Re: JAR's exploration of TimBL's notion of information resource from Jonathan Rees on 2009-05-26 (public-awwsw@w3.org from May 2009)

From: Jonathan Rees <jar@creativecommons.org>
Date: Tue, 26 May 2009 12:37:49 -0400
To: Alan Ruttenberg <alanruttenberg@gmail.com>
Cc: AWWSW TF <public-awwsw@w3.org>
Message-ID: <760bcb2a0905260937o3e789f71hc925121f4acbdc26@mail.gmail.com>
Short form:

1. We start by only looking at the *formal* system - i.e. no
definitions, just suggestive,
mysterious, and unquestionable words and phrases.

Assume:
A class GR of generic resources G
A class Rep of wa-representations R
A class Z of parameter vectors P, selecting state (time), language, etc.

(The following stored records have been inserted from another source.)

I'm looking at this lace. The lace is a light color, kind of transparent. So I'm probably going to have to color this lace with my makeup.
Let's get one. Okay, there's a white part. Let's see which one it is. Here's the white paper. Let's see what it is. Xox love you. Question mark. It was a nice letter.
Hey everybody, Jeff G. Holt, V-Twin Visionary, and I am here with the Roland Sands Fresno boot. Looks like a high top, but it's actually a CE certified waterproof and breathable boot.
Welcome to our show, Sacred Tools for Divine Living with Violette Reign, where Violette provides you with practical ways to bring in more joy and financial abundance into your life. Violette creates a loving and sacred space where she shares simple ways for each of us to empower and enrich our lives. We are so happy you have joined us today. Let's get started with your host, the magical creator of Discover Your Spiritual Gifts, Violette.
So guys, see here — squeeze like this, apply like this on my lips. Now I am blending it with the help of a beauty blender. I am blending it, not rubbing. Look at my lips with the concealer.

A ternary relation "R is a wa-representation of G at P"

(A wa-representation does not necessarily have a G of which it is a
wa-representation, right?)

Define:
wa-representations(G, P) = set of all R such that R is a
wa-representation of G at P

Define:
trace(G) = lambda(P).wa-representations(G, P)

(N.b. there can be multiple GRs with identical traces.)

(could define time-invariant resource, fixed resource, etc. but don't
need them here)

If Z = time * request, then every trace(G) is a Boothian ftrr.
If Z = time, then every trace is a "resource" in the formal sense of
Fielding&Taylor.
  (In F&T the other parameters are carried by the representation itself.)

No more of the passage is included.